Der Mobilitätskonzern ZF betreibt am Standort Tschechien sechs Produktionswerke und drei Technologiezentren. In der Entwicklung sind mehr als 700 Mitarbeitende tätig. Ein Aufgabengebiet sind Software und Hardware, mechanische und mechatronische Elemente für elektrische Antriebe. ZF Openmatics in Pilsen konzentriert sich auf Konnektivität und Telematiksysteme.

Stärkung des Forschungsstandorts

Auch bei Bosch ist an die Seite der Fertigung die Entwicklungsverantwortung für Produkte des Gesamtunternehmens gekommen. Das 2019 erweiterte Entwicklungs- und Technologiezentrum in České Budějovice beschäftigt über 600 Ingenieure. Es geht um neue Autokomponenten und Mobilitätslösungen, darunter auch im Bereich Wasserstoff.
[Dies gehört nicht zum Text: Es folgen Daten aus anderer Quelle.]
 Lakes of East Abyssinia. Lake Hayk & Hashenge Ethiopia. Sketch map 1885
BMW wiederum startete im Frühjahr 2023 in seinem Testzentrum für autonome Fahrlösungen in Sokolov die Erprobung von Assistenzsystemen. Für den Software-Konzern SAP ist Tschechien in Europa der zweitgrößte Standort. Er beschäftigt mehr als 3.000 Mitarbeitende in F&E, Innovation und im Business-Support.
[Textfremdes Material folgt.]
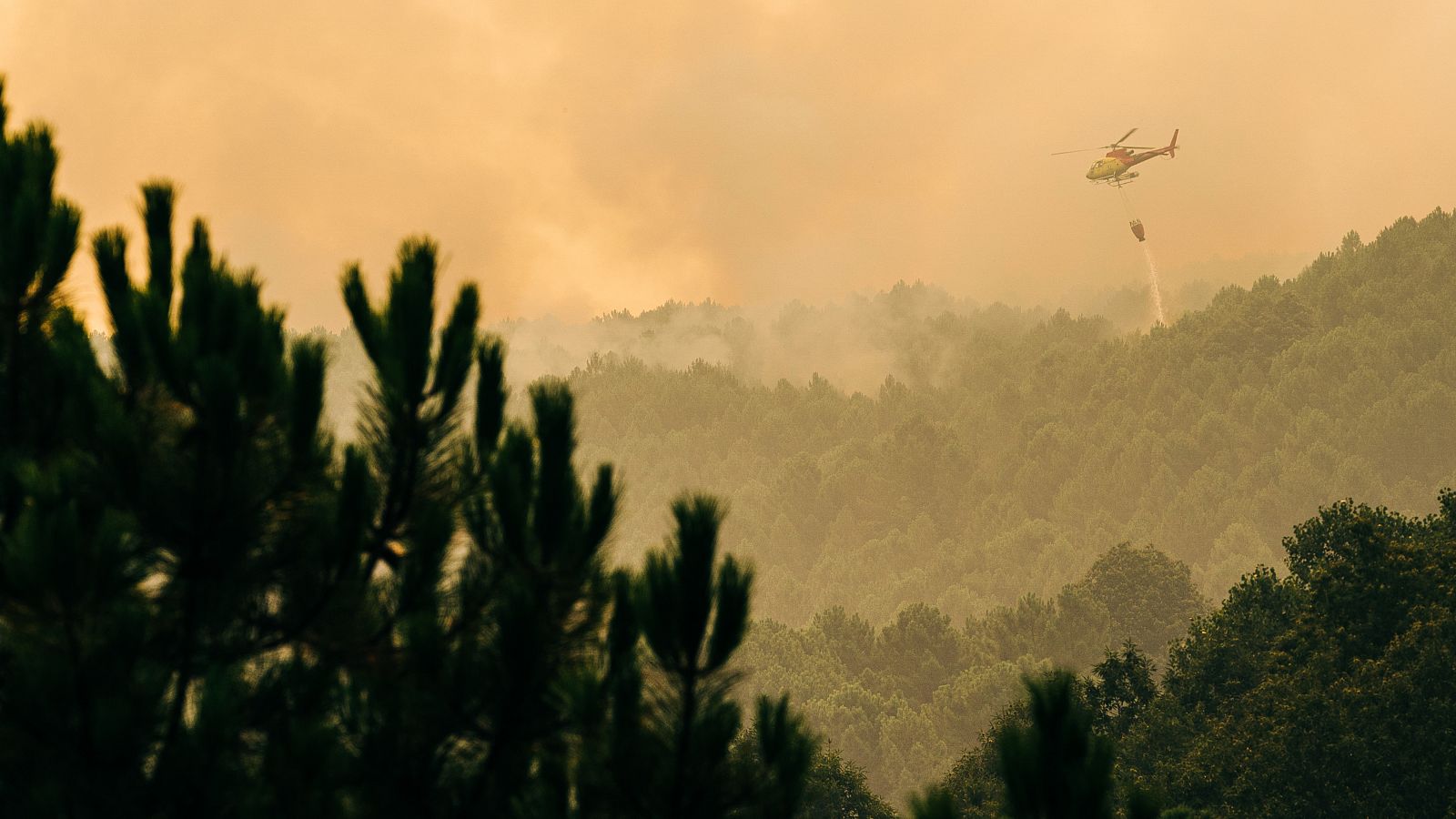 Telediario 2 en cuatro minutos - 08/08/22 - Ver ahora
Durch Zusammenarbeit mit den Universitäten stärken auch andere Töchter deutscher Unternehmen den Entwicklungsstandort Tschechien. Mobilfunkanbieter T-Mobile zum Beispiel richtete an fünf Forschungseinrichtungen des Landes 5G-Campus-Netze ein. Bei Instituten der Technischen Universitäten in Prag und Brno (CIIRC CTU und CEITEC VUT) gehören diese zu Testbeds der Industrie 4.0. Verbunden mit dem Testbed zweier deutscher Forschungseinrichtungen (DFKI und ZeMA) bilden sie ein Versuchslabor für geografisch verteilte Produktion. Dieses tschechisch-deutsche Forschungszentrum, kurz RICAIP, ist in Europa das größte Projekt auf dem Gebiet der industriellen künstlichen Intelligenz (KI). Mit weiteren Testbeds stoßen noch die Technische Universität Ostrava und das Fraunhofer Institut für Werkzeugmaschinen und Umformtechnik dazu.